_What you will do_
Every record below should be transcribed exactly. Omit the images.

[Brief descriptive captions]
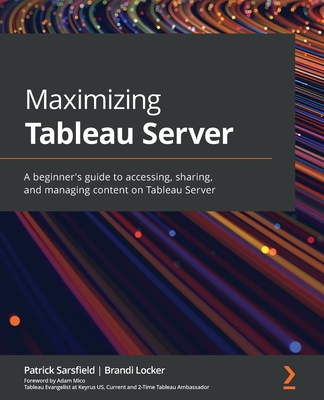 Maximizing Tableau Server: A beginner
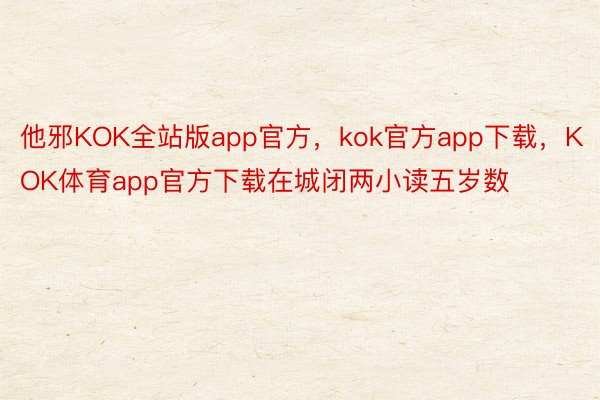 他邪KOK全站版app官方，kok官方app下载，KOK体育app官方下载在城闭两小读五岁数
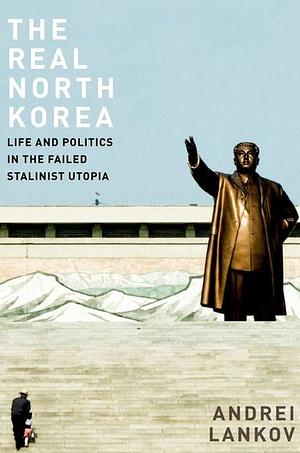 The Real North Korea - Life and Politics in the Failed Stalinist Utopia by Andrei Lankov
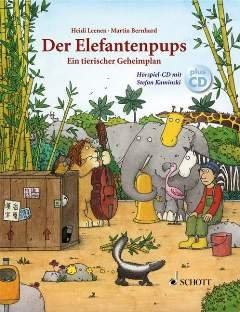 DER ELEFANTENPUPS - EIN TIERISCHER GEHEIMPLAN - arrangiert für Buch - mit CD [Noten / Sheetmusic] Komponist: LEENEN HEIDI + BERNHARD MARTIN [Gebundene Ausgabe]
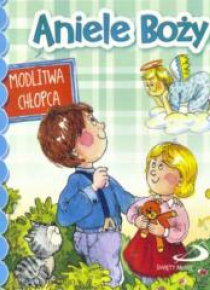 Aniele Boży. Modlitwa chłopca
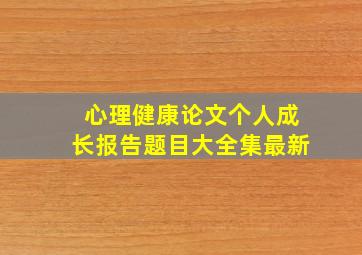 心理健康论文个人成长报告题目大全集最新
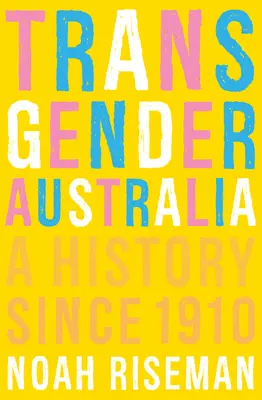 Transgender Australia: O istorie din 1910 - Transgender Australia: A History Since 1910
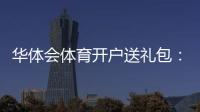 华体会体育开户送礼包：最新领取攻略、真假辨别与安全注意事项详解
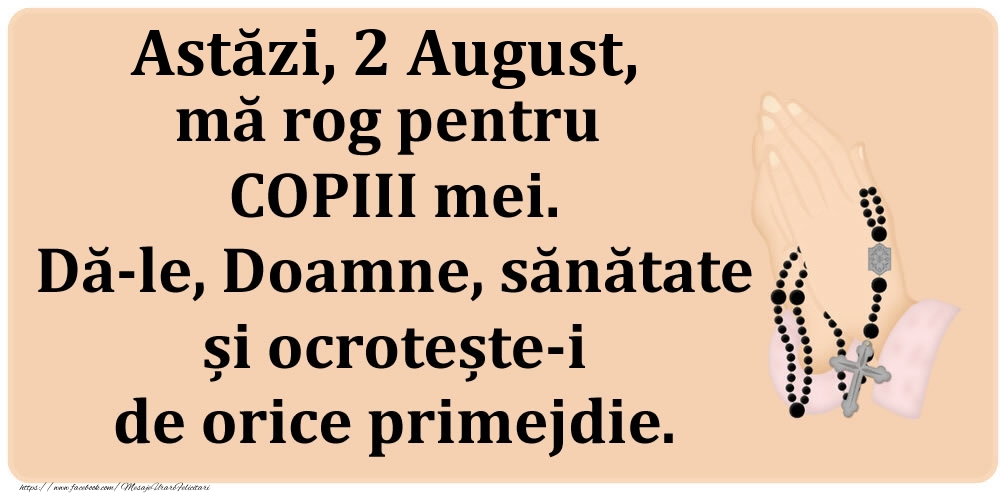 Felicitari de 2 August - Astăzi, 2 August, mă rog pentru COPIII mei. Dă-le, Doamne, sănătate și ocrotește-i de orice primejdie.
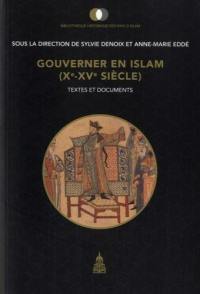 Gouverner en Islam : Xe-XVe siècle : textes et documents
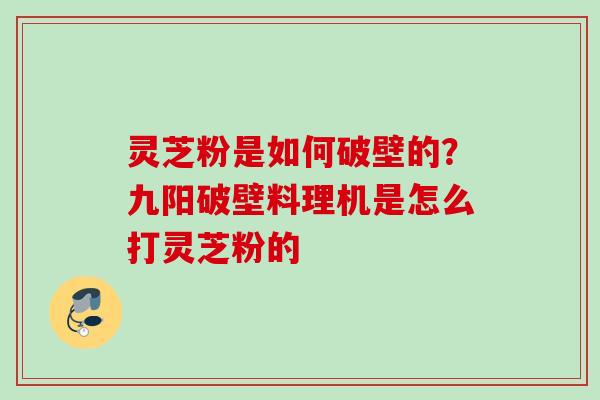 灵芝粉是如何破壁的?九阳破壁料理机是怎么打灵芝粉的 灵芝粉是如何破壁的?九阳破壁料理机是怎么打灵芝粉的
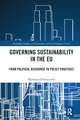 Governing Sustainability in the EU: From Political Discourse to Policy Practices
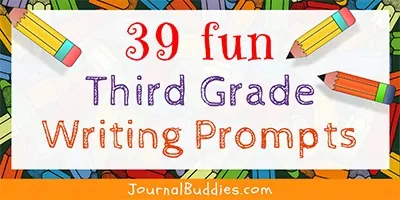 Third Grade Journal Writing Prompts for Students
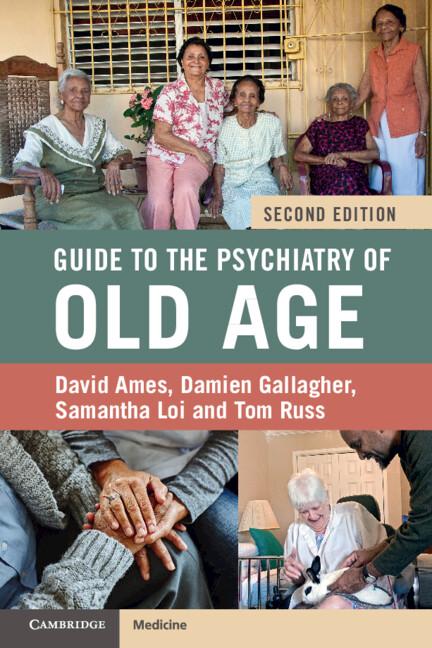 Guide to the Psychiatry of Old Age by Damien Gallagher, David Ames, Samantha Loi, Tom Russ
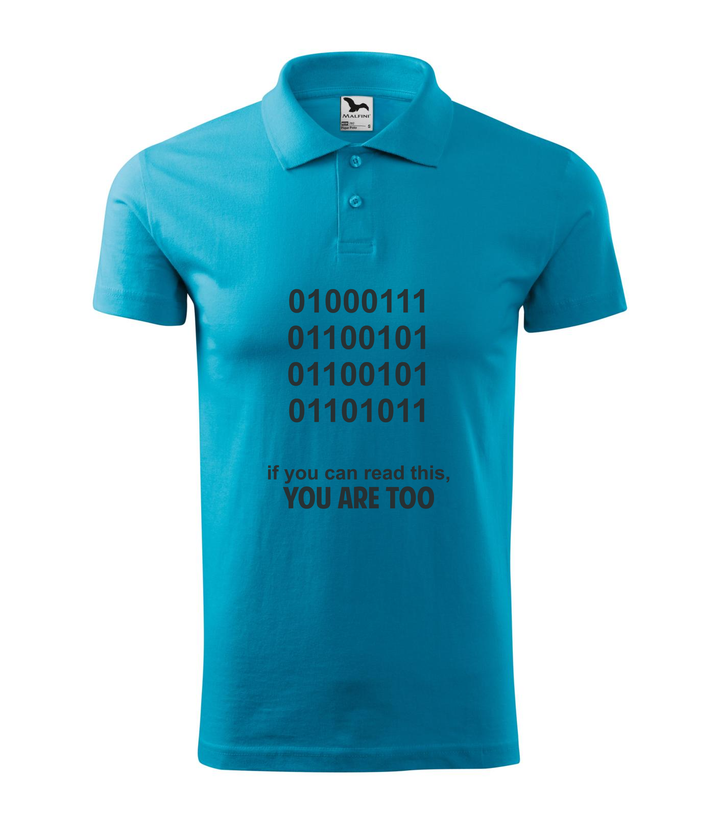 GEEK - if you can read this, you are too - Galléros férfi póló türkiz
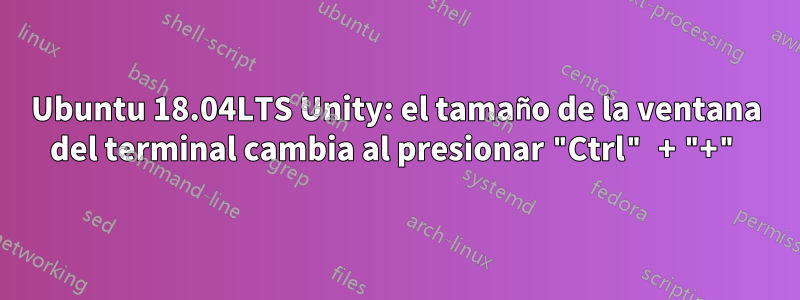 Ubuntu 18.04LTS Unity: el tamaño de la ventana del terminal cambia al presionar "Ctrl" + "+"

_Worked solution_
 Maximizing Tableau Server: A beginner
 他邪KOK全站版app官方，kok官方app下载，KOK体育app官方下载在城闭两小读五岁数
 The Real North Korea - Life and Politics in the Failed Stalinist Utopia by Andrei Lankov
 DER ELEFANTENPUPS - EIN TIERISCHER GEHEIMPLAN - arrangiert für Buch - mit CD [Noten / Sheetmusic] Komponist: LEENEN HEIDI + BERNHARD MARTIN [Gebundene Ausgabe]
 Aniele Boży. Modlitwa chłopca
 心理健康论文个人成长报告题目大全集最新
 Transgender Australia: O istorie din 1910 - Transgender Australia: A History Since 1910
 华体会体育开户送礼包：最新领取攻略、真假辨别与安全注意事项详解
 Felicitari de 2 August - Astăzi, 2 August, mă rog pentru COPIII mei. Dă-le, Doamne, sănătate și ocrotește-i de orice primejdie.
 Gouverner en Islam : Xe-XVe siècle : textes et documents
 灵芝粉是如何破壁的?九阳破壁料理机是怎么打灵芝粉的 灵芝粉是如何破壁的?九阳破壁料理机是怎么打灵芝粉的
 Governing Sustainability in the EU: From Political Discourse to Policy Practices
 Third Grade Journal Writing Prompts for Students
 Guide to the Psychiatry of Old Age by Damien Gallagher, David Ames, Samantha Loi, Tom Russ
 GEEK - if you can read this, you are too - Galléros férfi póló türkiz
 Ubuntu 18.04LTS Unity: el tamaño de la ventana del terminal cambia al presionar "Ctrl" + "+"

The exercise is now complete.